Dinosaurussen
4 februari 2020
Net zoals peuterkoppigheid of puberpukkels is de dino-obsessie een fase waar heel wat kinderen (vooral jongens?) doorheen moeten. Ze memoriseren hun ingewikkelde Latijnse namen en kunnen tot in de details vertellen over hun gevaarlijke krachten, hun voedsel en hun afmetingen. Dino’s zijn fascinerend, maar hun jonge fans die er helemaal in opgaan, zijn dat in mijn ogen nog veel meer.
Ik wist al dat de trend de generaties overstijgt. Mijn jongste zoon, die stilaan naar de dertig gaat, maakte het stadium door en kwam er goed doorheen. Nog steeds kent hij een aantal namen en kenmerken, al moet hij er wat langer naar zoeken.

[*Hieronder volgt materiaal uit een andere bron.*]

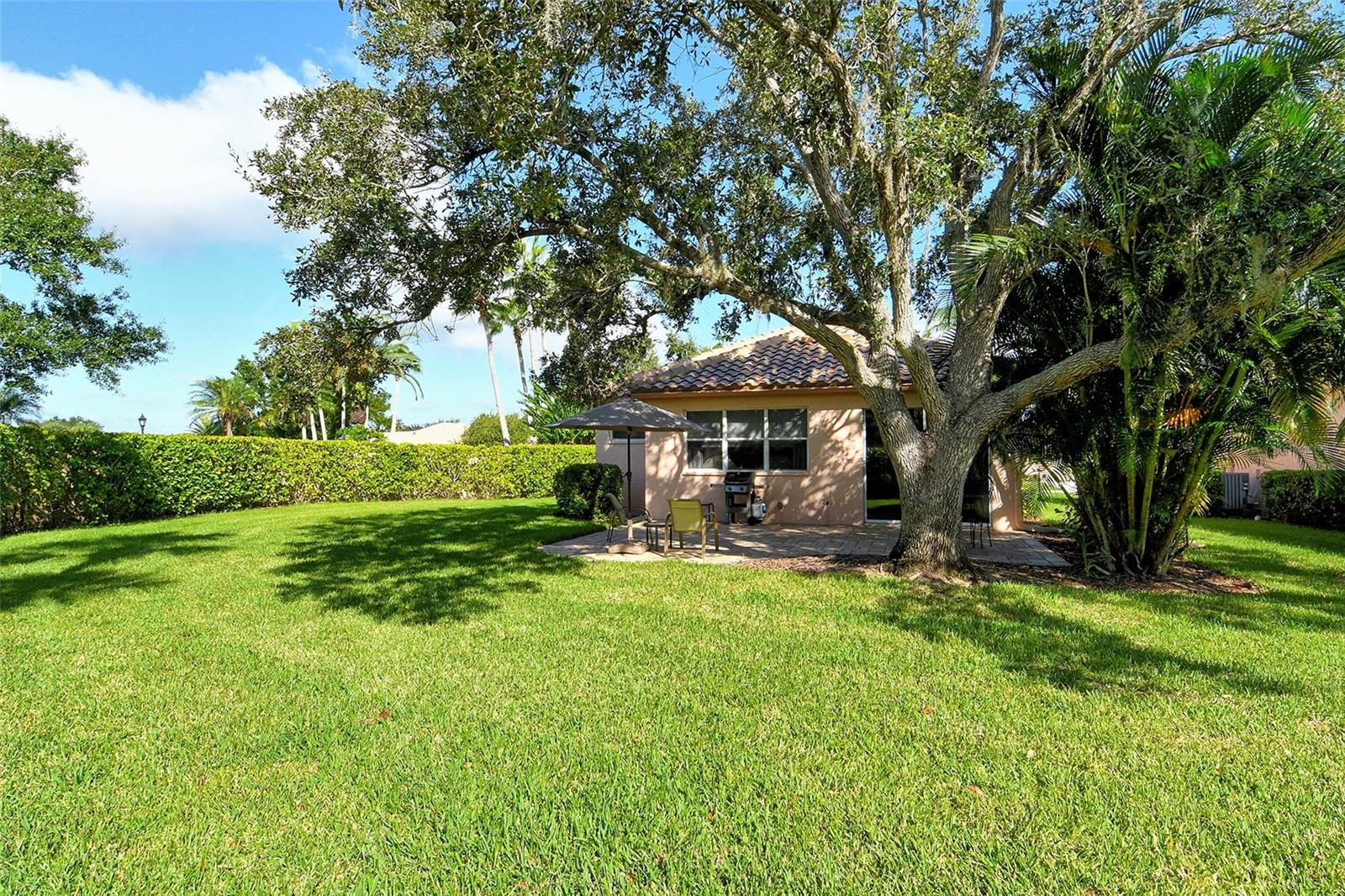 Image 40 of 72 For 3770 Amapola Lane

Mijn kleinzoon van zes zit er middenin. Hij heeft een verzameling plastic dino’s met opengesperde bekken. Daar speelt hij meestal niet echt mee, maar hij zet ze in paren bij elkaar en legt dan uit wie van beide in een gevecht gegarandeerd het onderspit zal delven. Daarvoor haalt hij alle bloederige details die hij kent uit de kast. Ik kan meestal alleen maar knikken en hopen dat hij snel een ander gespreksonderwerp aansnijdt.
Maar de dino-gekte is niet enkel iets voor het westen. In India was ik op bezoek in een Engelstalige lagere school. De kinderen en ik wisselden weetjes uit over het weer, de vervoersmiddelen en de wilde dieren in ons beider landen. Over dat laatste was ik heel wat sneller uitgepraat dan zij, die hele verhalen hadden over hoe aapjes het lekkers soms uit hun handen pikten terwijl ze in de tuin zaten te snoepen. En hoe ze onderweg met de auto weleens moesten stoppen omdat er olifanten overstaken.

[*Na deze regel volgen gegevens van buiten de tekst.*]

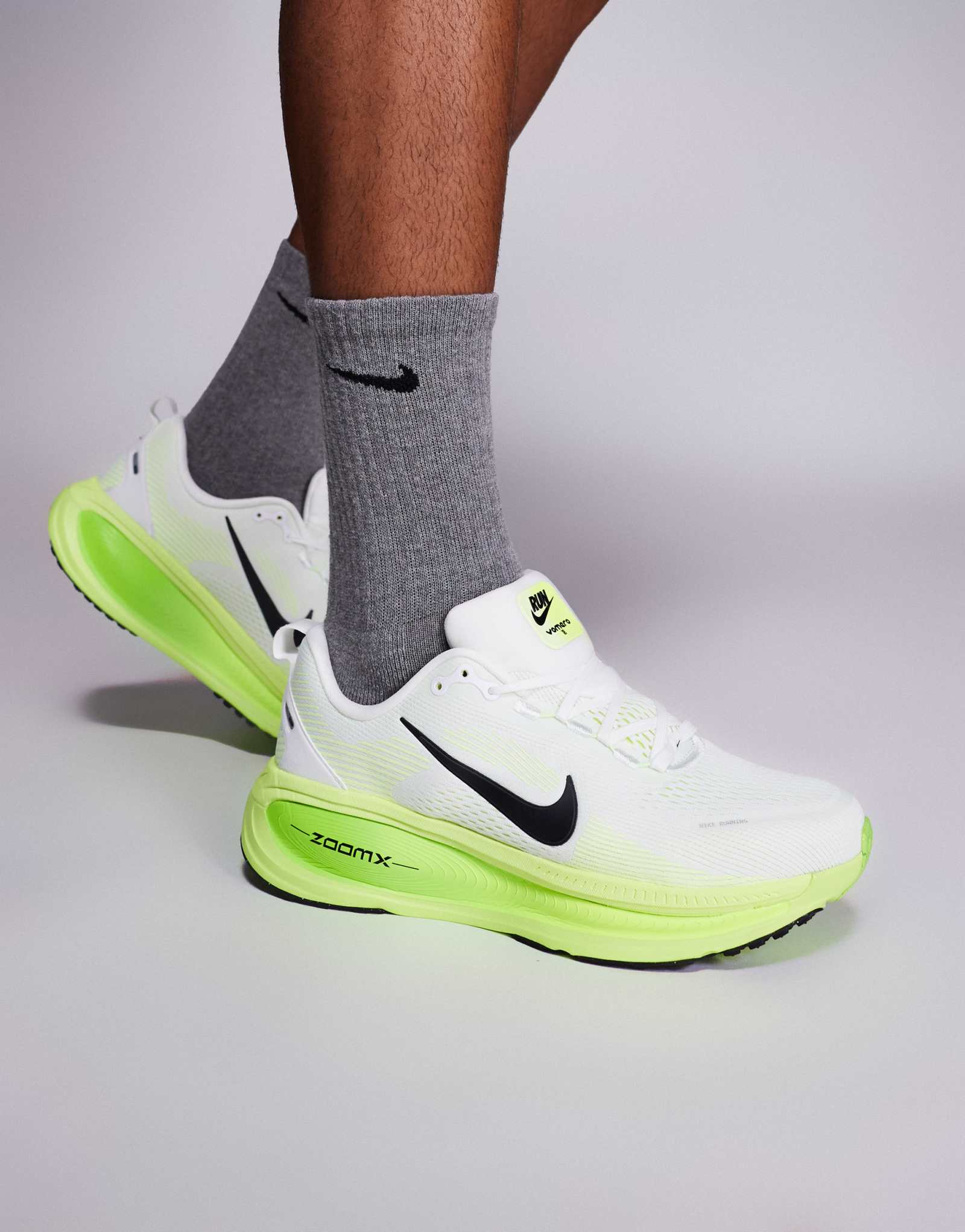 Кроссовки Nike Running Vomero 18 белого и светло-зеленого цветов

Toen stak een jongen van een jaar of negen zijn hand op. Of ik iets wilde vertellen over de dinosaurussen in mijn land. Ik dacht eerst dat ik hem niet goed had begrepen. Maar hij drong aan: die dino’s, hoe groot waren die en waar leefden ze precies?
De angst sloeg me om het hart. Ik voelde dat ik onvermijdelijk op een ontgoocheling afstevende. Hij zou iets verliezen wat hem met plezier en opwinding vervulde: het geloof dat er nog levende dino’s waren, weliswaar ver weg, maar toch bereikbaar, ooit misschien. Voorzichtig begon ik te vertellen over het museum in Brussel, waar je tussen de skeletten van de dino’s kunt wandelen en zelfs hun vermoedelijke stem kunt horen. Dat het dan net leek alsof ze echt waren, troostte ik hem. Maar ik kon niet anders dan uitleggen dat dino’s al heel lang niet meer op aarde leefden.
Hij knikte zonder te glimlachen. Hij verbeet manmoedig zijn verdriet, de pijn die je voelt als je iets verliest waarin je sterk hebt geloofd. Zijn juf glimlachte wel, een beetje verontschuldigend.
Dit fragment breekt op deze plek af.